Oh, before I forget... watch the fuel level in the tank, it needs to be 1/2" -3/4" of fuel or it will randomly suck air and act like a lean condition. 

You will get it worked out  
It is worth a little time, because you will be rewarded with an Ariens that will do the job very well for 40 years. 

Ken


----------



## fishrman (Oct 19, 2013)

ken53 said:


> Good Morning and Merry Christmas.
> 
> I would not worry to much about a lean starting engine. (I have 2 Honda generators and Honda tiller that run very lean and needs a little choke unless they are very hot. I'm sure it has something to do with the little tag Honda hangs on new machines claiming to be "Green"). My new platinum 30 also needs a little choke when warm, but our air temp has been around the 0 degree F, since I bought it. Consistency is important. If it needs a little choke when warm, so be it. I also had rich running engines too. They carbon themselves up in time, and are easy to flood.
> 
> ...


Thanks Ken and Merry Christmas to you and all the site members! I have no problem doing what it takes to start the machine. Just need to know exactly what that is. It has been cold here too. I have no problem starting it when it is cold. In fact, the other day with this last big storm, it started on the first pull. It is starting it when the engine is warm that seems to be a challenge. Guess I will just pretend it is cold and starting it for the first time for now. I am sure Ariens will reply to my question as well. Thanks everyone!


----------



## GCJenks (Oct 13, 2013)

When my dealer delivered my new Deluxe 28+ with the Briggs engine he instructed ALWAYS to give it some choke when starting. I don't think it's anything unique to any one machine, it seems to be the way they are designed.


----------



## fishrman (Oct 19, 2013)

Reply from Ariens:
John,

Thank you for contacting the Ariens Company.

We're sorry to hear of the warm engine starting issues you are having.

On my machine, if I shut it down in a similar fashion and need to restart it again, I turn the key back on, make sure the throttle is set to rabbit, and turn the choke on, but I do not prime it. It usually starts right up on the first or second pull. It is very important not to prime a warm engine as this will cause it to flood.

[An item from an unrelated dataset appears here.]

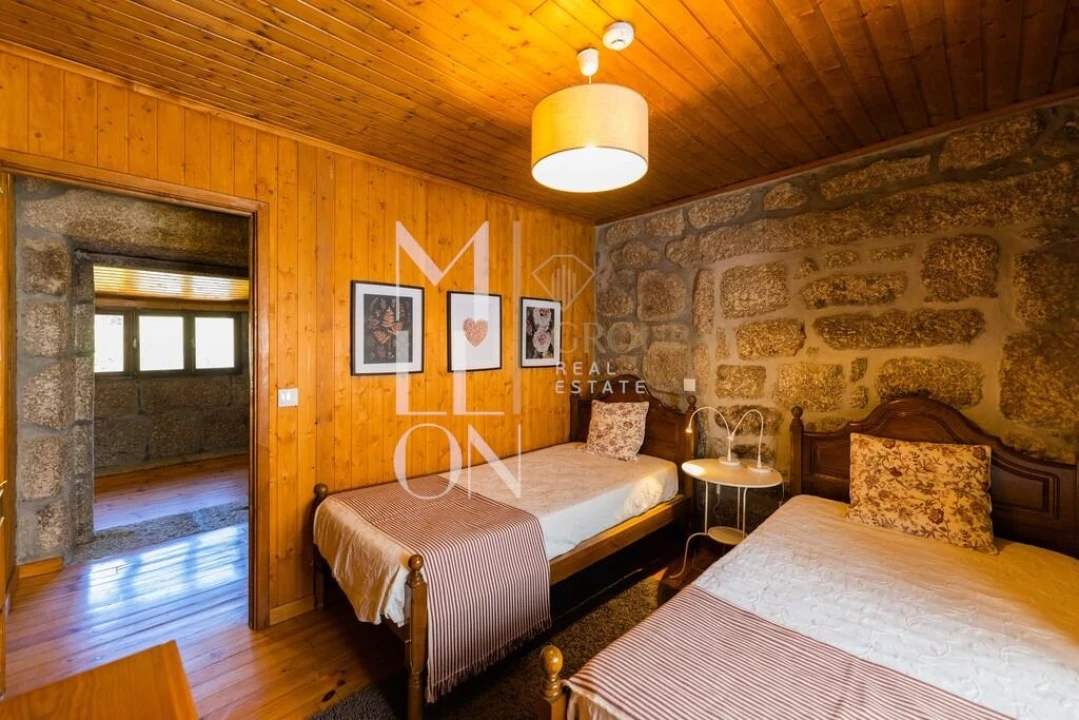 Quinta T8 para Venda em Anissó e Soutelo Foto 26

Please reply to this message with any further questions or concerns. We are happy to help.

Thank you,
Richard
Ariens Company


----------



## Blue Hill (Mar 31, 2013)

Thanks fishrman. That's pretty much what I have been experiencing. It's comforting to know it's normal for these new engines. I'm old enough to remember when every car or truck had a manual choke and having to choke a warm engine was unheard of, unless there was something wrong.


----------



## fishrman (Oct 19, 2013)

Blue Hill said:


> Thanks fishrman. That's pretty much what I have been experiencing. It's comforting to know it's normal for these new engines. I'm old enough to remember when every car or truck had a manual choke and having to choke a warm engine was unheard of, unless there was something wrong.


x2!


----------